Ihug has put up its hand to close the rural "digital divide", which emerged from last week's e-commerce summit as a key issue for the government.
Both Communications minister Paul Swain and the Prime Minister indicated last week that when the government makes an announcement on the findings of the telecommunications inquiry next month, it will not only cover regulation, but a view on universal internet access.
The government believes New Zealand's primary industries will benefit by embracing the internet, but many farmers struggle to achieve good data performance over rural phone networks, and their prospects of getting high-speed services such as JetStream or cable are bleak.
Summit chair Sir Gil Simpson said one of the things that need to be "quantified, in dialogue with the community, is this aspect of Internet access. We've got to decide how much of the community is going to have internet access.
"We need to know that – because as soon as you go over about 92% there's going to be an incremental price in New Zealand that will be extraordinarily high. We have to front up to that, and say maybe this part of New Zealand doesn't have access – or it might have it via digital radio or something."

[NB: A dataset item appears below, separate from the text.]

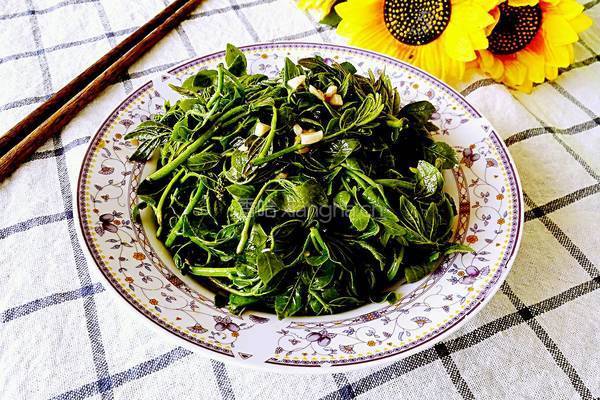 凉拌花椒芽的做法图解6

But Ihug director Tim Wood says the direct satellite version of Ihug's high-speed service Ultra, which requires a phone line only as a return path, is already providing an answer.
"At present, many areas are poorly serviced by Telecom New Zealand, because of the high cost of building out services to these communities," he says.
"This is an issue the government must address, to ensure all New Zealanders gain access to the new wave of broadband services arriving daily. In the meantime, Ihug has already built a nationwide wireless bridge to close the gap on the digital divide."
The uptake of Ultra has taken off this year, with much of the new business coming from the regions. Demand was such that there was a backlog of installations, which Wood says has since been cleared.
Meanwhile, Ihug has also announced it is to wholesale Ultra to around 100 small Australian ISPs to whom it wholesales international bandwidth. The service will be targeted at rural and outback areas and Ihug says it will let the small ISPs compete with the large Australian telco players.